Saperatec’s technology breaks down multilayer composite materials into their individual materials and will be operational in 2023
Neopac and Saperatec are partnering to recycle the former's aluminium laminate composites
Tube manufacturer Hoffmann Neopac has become the first company of its kind to ink a deal with Saperatec, the world’s first industrial recycling plant for aluminium laminate composites.
Saperatec’s pilot plant in Dessau, Germany has already demonstrated the ability to break down multilayer composite materials such as PE/AI into their individual materials.
Neopac, a manufacturer of tubes for cosmetics and oral care, as well as pharmaceuticals, will supply its production waste to Saperatec’s industrial separation facility upon its opening in mid-2023.
Using a special washing technique, Saperatec separates plastic and aluminium layers without dissolving them.
A laboratory study at Saperatec in 2021 on various ABL tubes from Neopac showed that the company’s Polyfoil tubes, for example, could be completely separated in this fashion.
“In addition to the already existing environmentally friendly and recyclable tubes from our EcoDesign portfolio, we are committed to a recycling solution for our conventional Polyfoil ABL tubes,” said Peter Bossert, Head of Materials Development at Hoffmann Neopac.
“With this new initiative, we will offer our customers the best possible balance between product safety and sustainability.
“As early as this year, we will make a portion of our production waste available to Saperatec to demonstrate its recyclability on an industrial scale, per the promising laboratory tests that have been performed.

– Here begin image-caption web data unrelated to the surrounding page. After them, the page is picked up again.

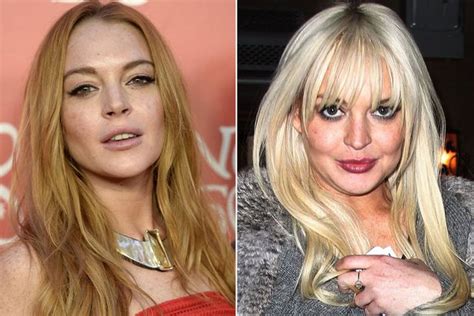 celebrities are shunning botox and plastic surgery in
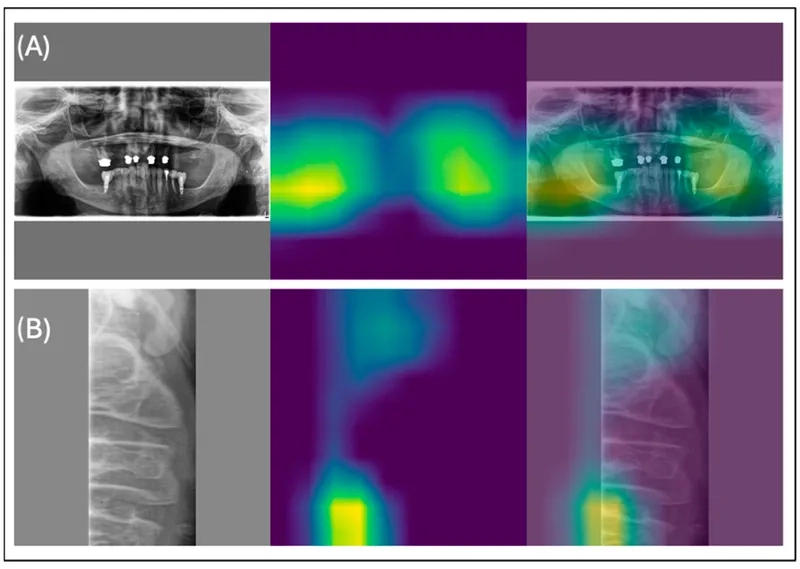 Recognizing osteopenia as an early bone health concern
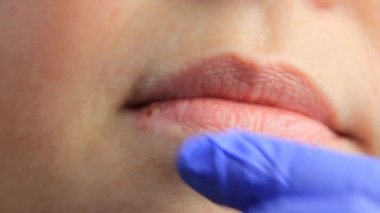 Eldivenli doktor uçuk ve uçuktan yara almış bir kızın dudaklarını okşuyor. dudak tedavisi, ağır çekim, kopyalama alanı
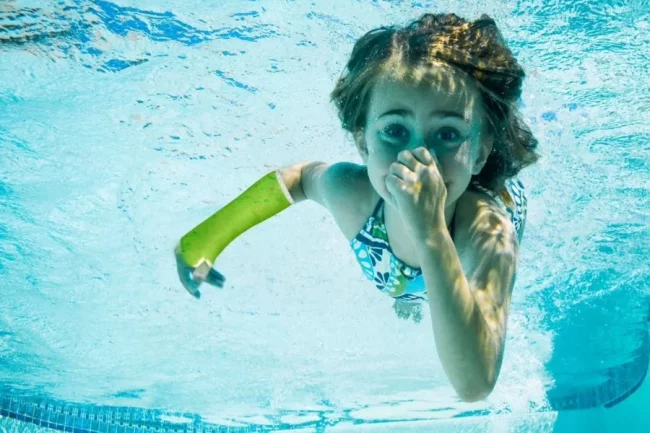 Yeso waterproof infantil resistente al agua alternativa a la escayola tradicional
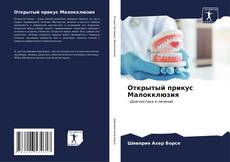 Bookcover of Открытый прикус Малокклюзия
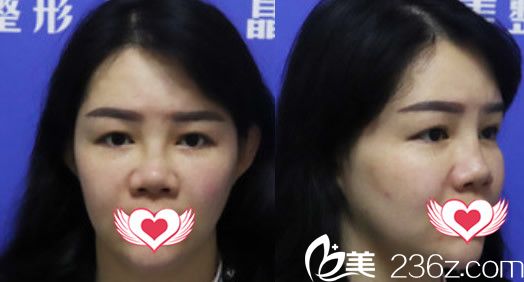 在美容院做注射隆鼻失败案例照片 在美容院做注射隆鼻失败案例照片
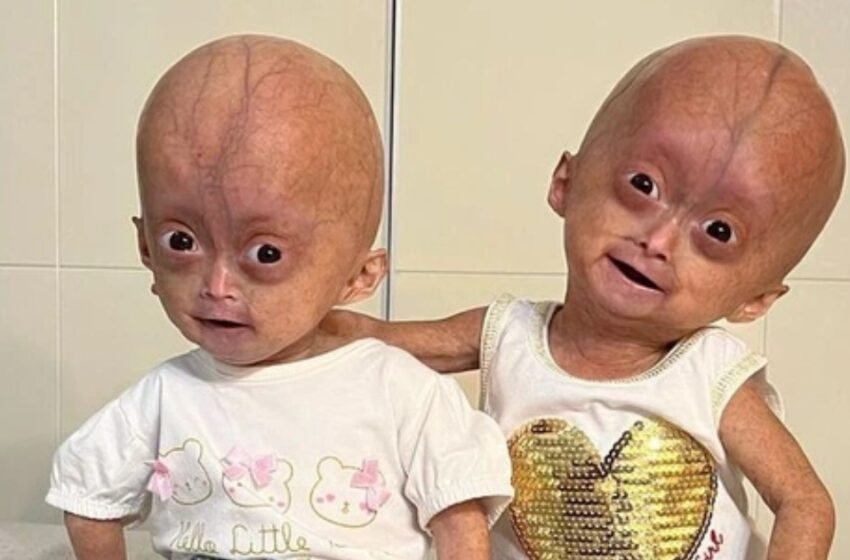 “Dvīņi, dzimuši ar retu Benjamina Batona sindromu”: kā izskatās māsas?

“With the pending recycling of ABL tubes, we are closing a recycling gap in our portfolio.”
Thorsten Hornung, Managing Director of Saperatec, noted: “With the construction of the first recycling plant for composite materials made of plastic, paper and aluminium, we aim to produce high-quality, film-ready plastic recyclates for packaging applications while returning the recovered aluminium to the material cycle.”